[ENTRIES SUPPLIED — start]

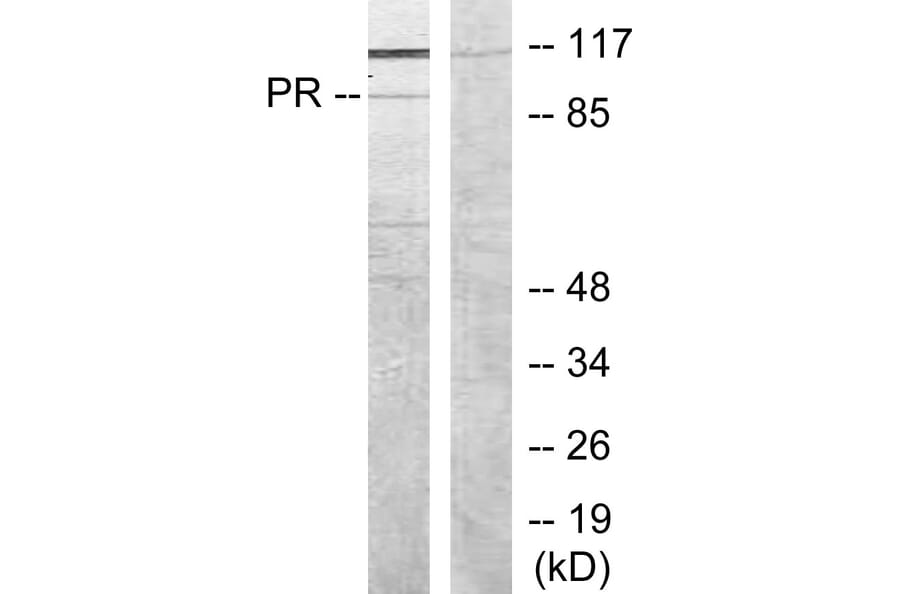 Western Blot - Anti-Progesterone Receptor Antibody (B7200) - Antibodies.com
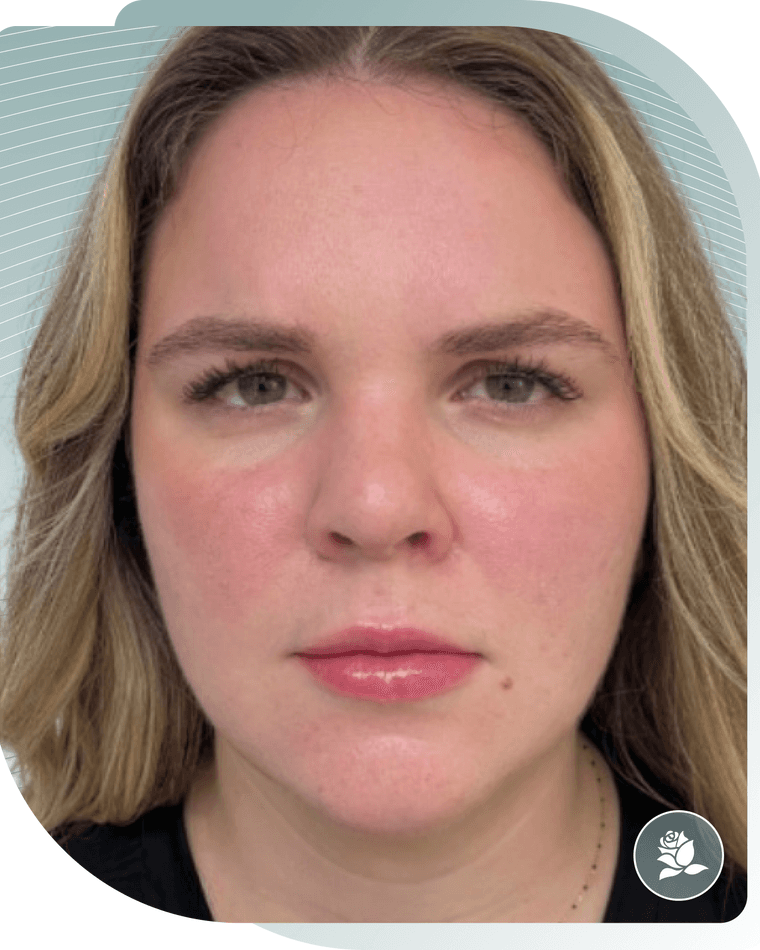 BOTOX RESULTS — Before photo (result 4 of 4)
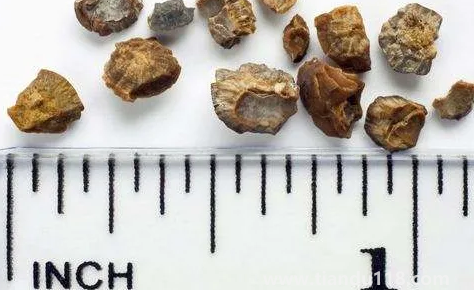 腎結石3mm需要治療嗎2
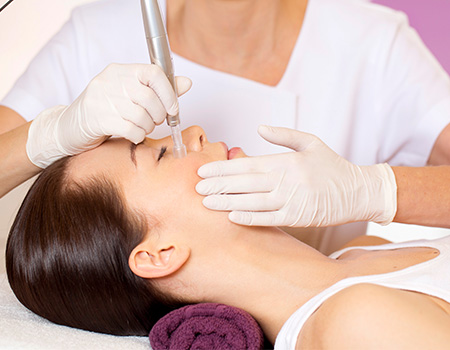 Microneedling new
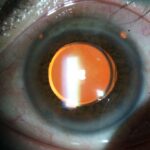 19LENTE-FAQUICO-DE-CAMARA-POSTERIOR-ICL-1024x683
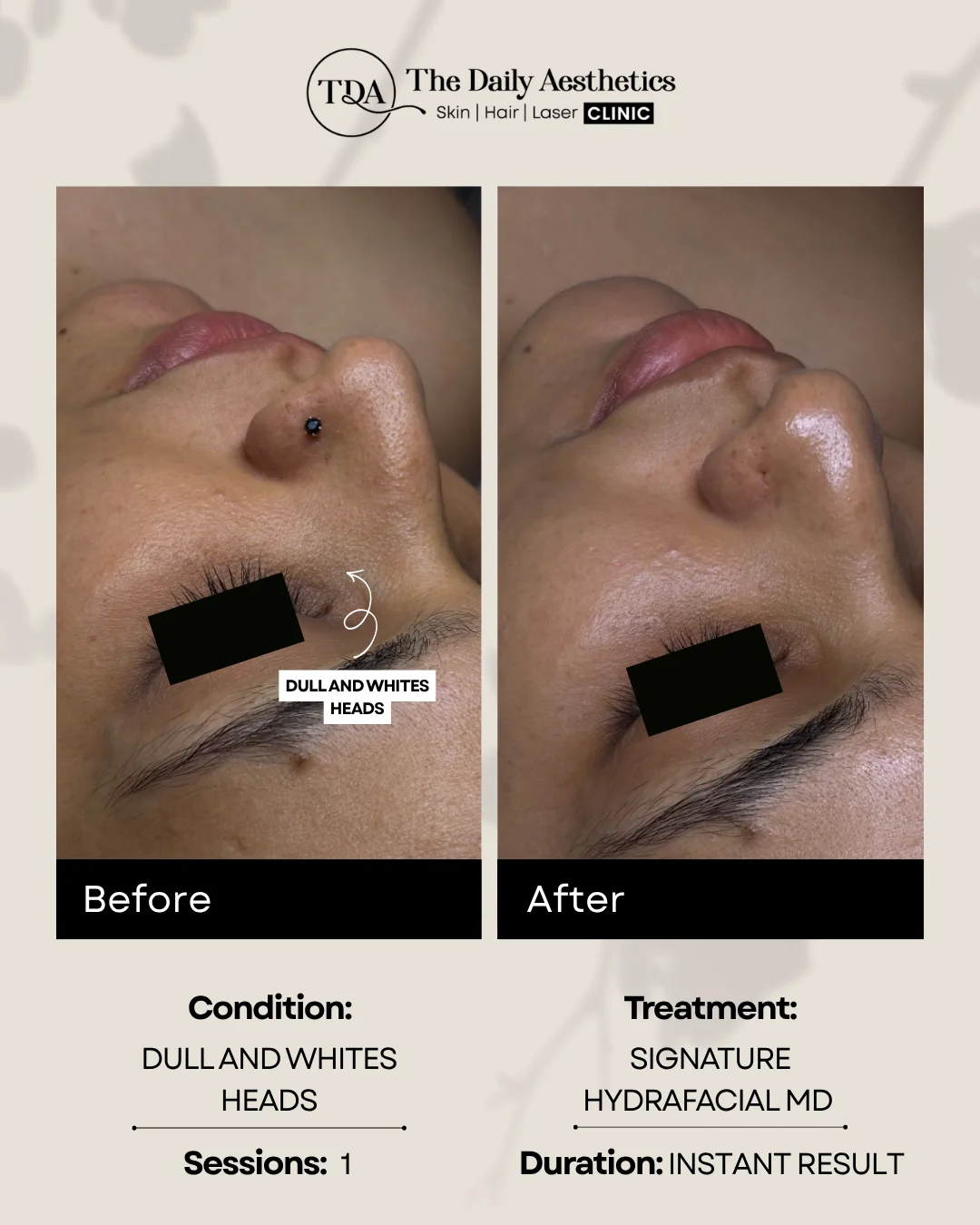Dull And Whites Heads (Signature Hydrafacial MD Treatment)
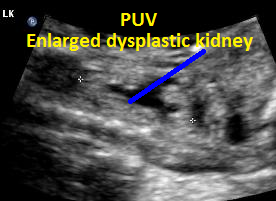 9.PUV.enlarg.dyspl.LK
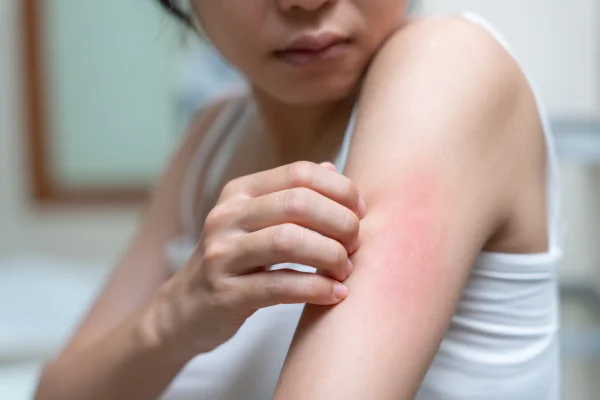 diabetes e infecciones por hongos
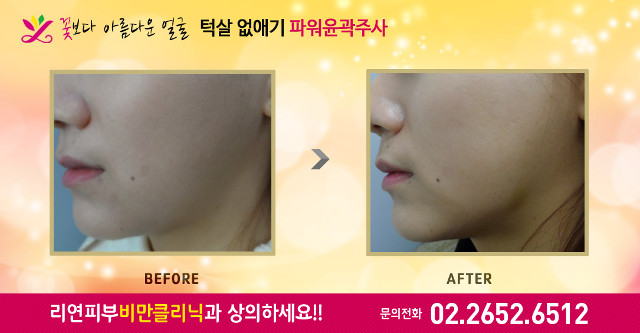 리연클리닉 파워윤곽주사 전후사진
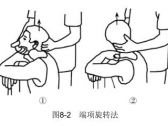 筋伤·颈部筋伤·落枕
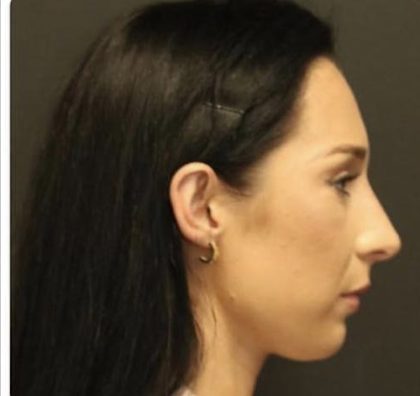 Rhinoplasty Before & After Patient #1223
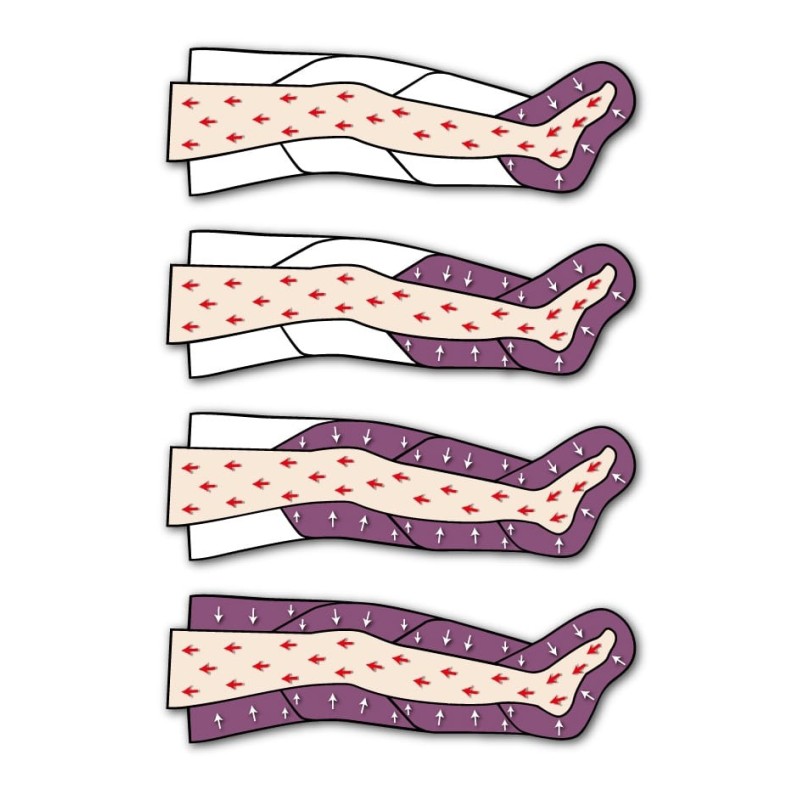 Medicinsk trykbehandling edimedical 1.0 til professionel og hjemmebrug med 2 leggings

[ENTRIES SUPPLIED — finish]

### ABOUT THIS EXERCISE
Produce an exact copy of every line above, with the images left out.

### RESPONSE
 Western Blot - Anti-Progesterone Receptor Antibody (B7200) - Antibodies.com
 BOTOX RESULTS — Before photo (result 4 of 4)
 腎結石3mm需要治療嗎2
 Microneedling new
 19LENTE-FAQUICO-DE-CAMARA-POSTERIOR-ICL-1024x683
Dull And Whites Heads (Signature Hydrafacial MD Treatment)
 9.PUV.enlarg.dyspl.LK
 diabetes e infecciones por hongos
 리연클리닉 파워윤곽주사 전후사진
 筋伤·颈部筋伤·落枕
 Rhinoplasty Before & After Patient #1223
 Medicinsk trykbehandling edimedical 1.0 til professionel og hjemmebrug med 2 leggings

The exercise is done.